Skip to content
 

Using simulation to do statistical theory

We were looking at some correlations–within each state, the correlations between income and different measures of political ideology–and we wanted to get some sense of sampling variability. I vaguely remembered that the sample correlation has a variance of approximately 1/n–or was that 0.5/n, I couldn’t remember. So I did a quick simulation:

> corrs <- rep (NA, 1000)
> for (i in 1:1000) corrs[i] <- cor (rnorm(100),rnorm(100))
> mean(corrs)
[1] -0.0021
> sd(corrs)
[1] 0.1

Yeah, 1/n, that’s right. That worked well. It was quicker and more reliable than looking it up in a book.

4 Comments

  1. current grad student says:

    In your example, you produced samples of normal random variables which were uncorrelated. However, if they were normal with correlation rho, then the asymptotic variance would be (1/n)* [1-rho^2]^2, which depends on the true rho, but does in fact equal 1/n if rho=0.
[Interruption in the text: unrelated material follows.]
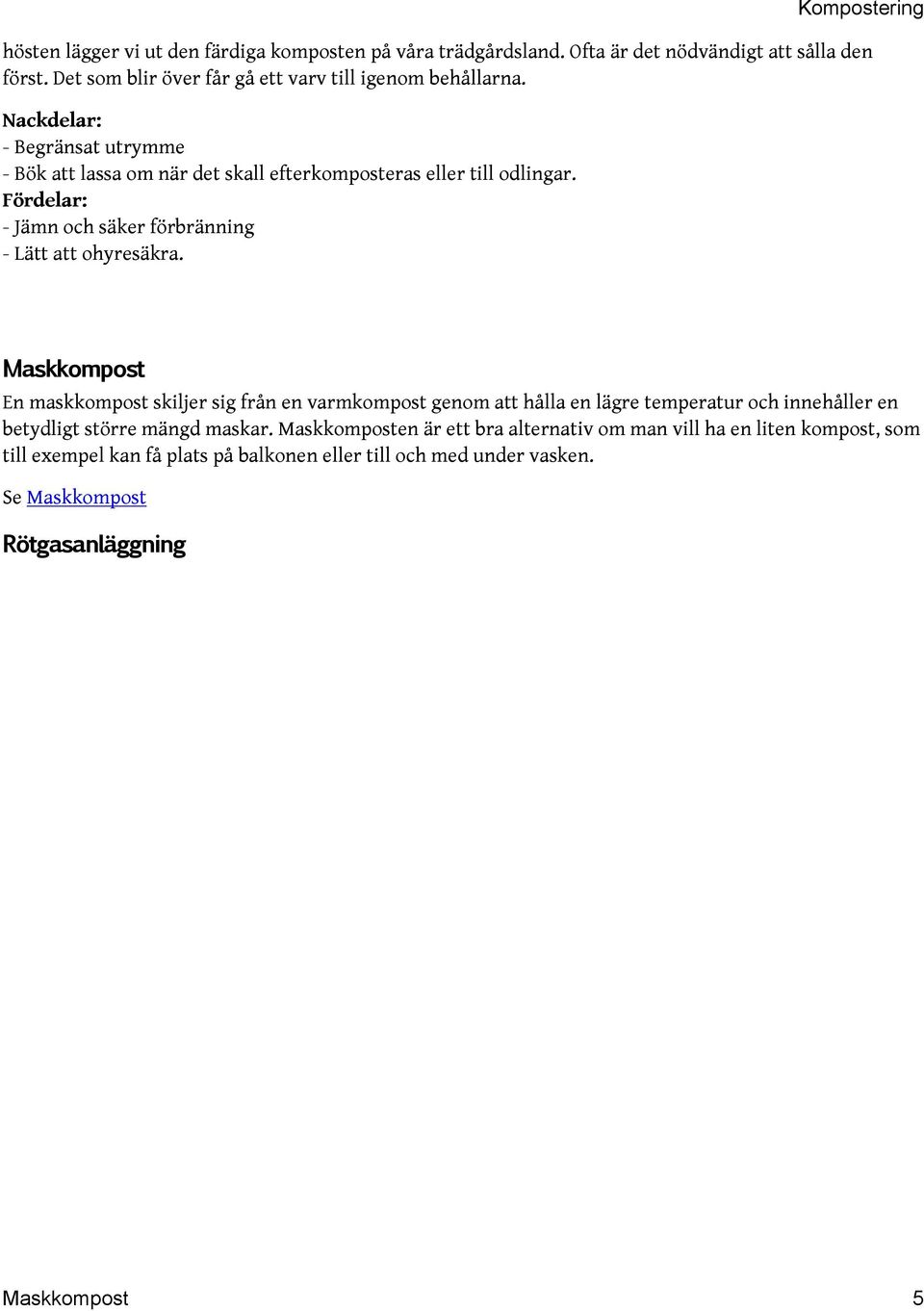 Kompostering Maskkompost En maskkompost skiljer sig från en varmkompost genom att hålla en lägre temperatur och innehåller en betydligt större mängd maskar.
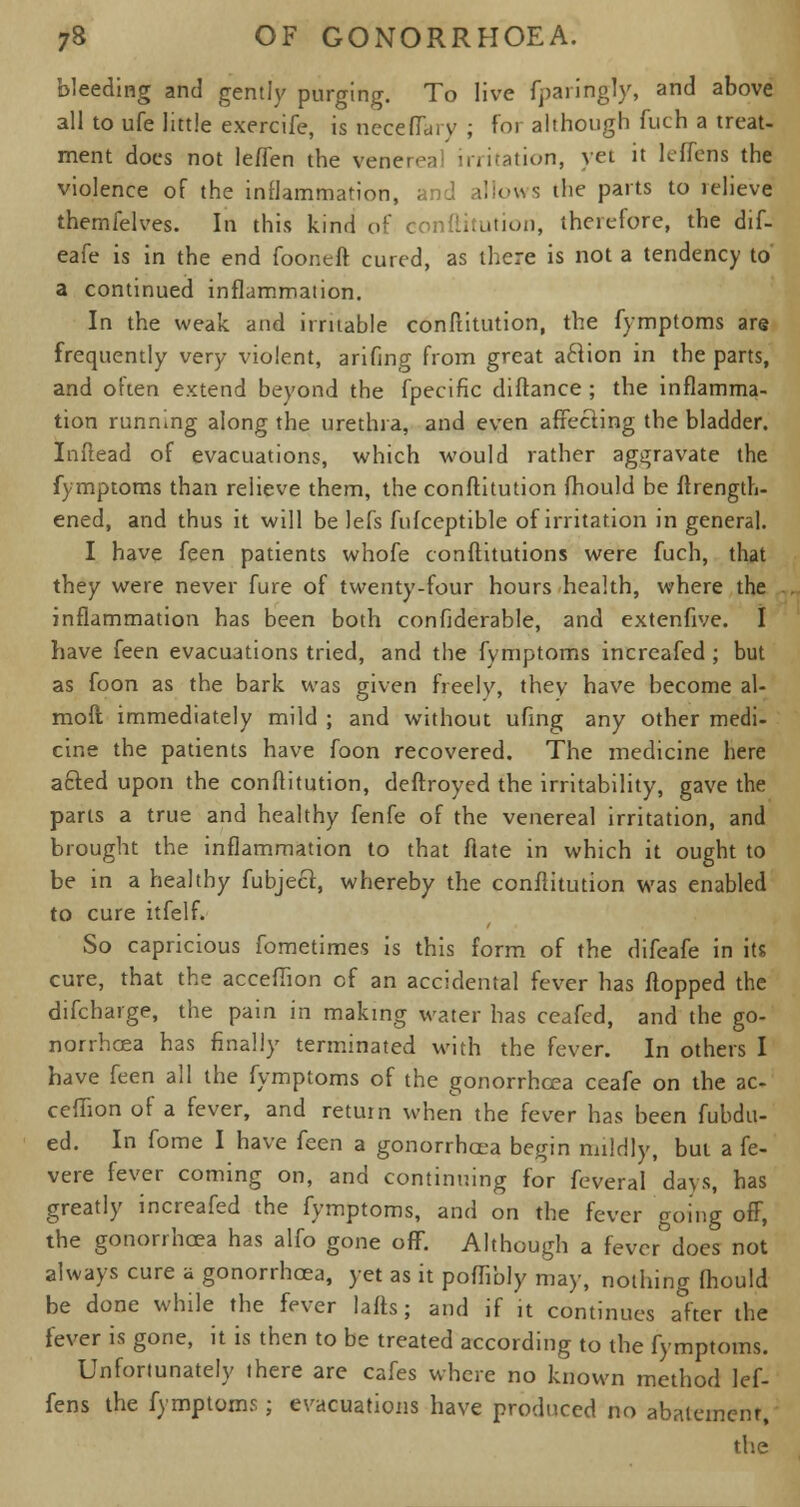 bleeding and gently purging. To live fparingly, and above all to ufe little exercife, is neceflary ; for although fuch a treat- ment does not leffen the venereal irritation, yet it leflens the violence of the inflammation, and allows the parts to relieve themfelves. In this kind of conftitution, therefore, the dif- eafe is in the end fooneft cured, as there is not a tendency to a continued inflammation. In the weak and irritable conftitution, the fymptoms are frequently very violent, arifing from great aclion in the parts, and often extend beyond the fpecific diftance ; the inflamma- tion running along the urethra, and even affecting the bladder. Inftead of evacuations, which would rather aggravate the fymptoms than relieve them, the conftitution fhould be ftrength- ened, and thus it will be lefs fufceptible of irritation in general. I have feen patients whofe conftitutions were fuch, that they were never fure of twenty-four hours health, where the inflammation has been both confiderable, and extenfive. I have feen evacuations tried, and the fymptoms increafed ; but as foon as the bark was given freely, they have become al- moft immediately mild ; and without ufing any other medi- cine the patients have foon recovered. The medicine here acted upon the conftitution, deftroyed the irritability, gave the parts a true and healthy fenfe of the venereal irritation, and brought the inflammation to that flate in which it ought to be in a healthy fubject, whereby the conftitution was enabled to cure itfelf. So capricious fometimes is this form of the difeafe in its cure, that the accefhon of an accidental fever has flopped the difcharge, the pain in making water has ceafed, and the go- norrhoea has finally terminated with the fever. In others I have feen all the fymptoms of the gonorrhoea ceafe on the ac- cefhon of a fever, and return when the fever has been fubdu- ed. In fome I have feen a gonorrhoea begin mildly, but a fe- vere fever coming on, and continuing for feveral days, has greatly increafed the fymptoms, and on the fever going off, the gonorrhoea has alfo gone off. Although a fever does not always cure a gonorrhoea, yet as it poffibly may, nothing fhould be done while the fever lafts; and if it continues after the fever is gone, it is then to be treated according to the fymptoms. Unfortunately there are cafes where no known method lef- fens the fymptoms; evacuations have produced no abatement, the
    However, it can be shown that Fisher's z-transformation, (1/2)*ln[(1+r)/(1-r)] has asymptotic variance equal to 1/n regardless of the true correlation.

  2. anon says:

    … or even

    > sd( replicate( 1000, cor(rnorm(100), rnorm(100) ) ) )
    [1] 0.09903454

    nice to hear someone else jogs their memory this way

  3. Ted Dunning says:

    In a similar vein, I tend to use simulation instead of more formal power tests. This has the benefit that since I am analyzing the simulated data in EXACTLY the same way as I will analyze the final data, I know that I haven't selected the wrong option when using power test software. Not only that, but I can get real probabilities of false-positive and false-negative for various size effects and inference methods.

    For example, what is the probability that the mysterious decision function f will say that two coins are different based on the outcome of n flips if they have probabilities of landing heads of p1 and p2 respectively?

    <pre>
    k1 = rbinom(10000, n, p1)
    k2 = rbinom(10000, n, p2)
    for (i in 1:10000) {
    z[i] = f(k1, n, k2, n)
    }
    mean(z)
    </pre>

  4. Andrew says:

    Current,

    Thanks for the correction. I'm off the hook in this particular case: the actual rho in our example was around 0.2, so 1-rho^2 = .96, which is close enough to 1 that I don't mind missing the factor. But in general your point is a good one–and also an illustration of the limitations of simulation!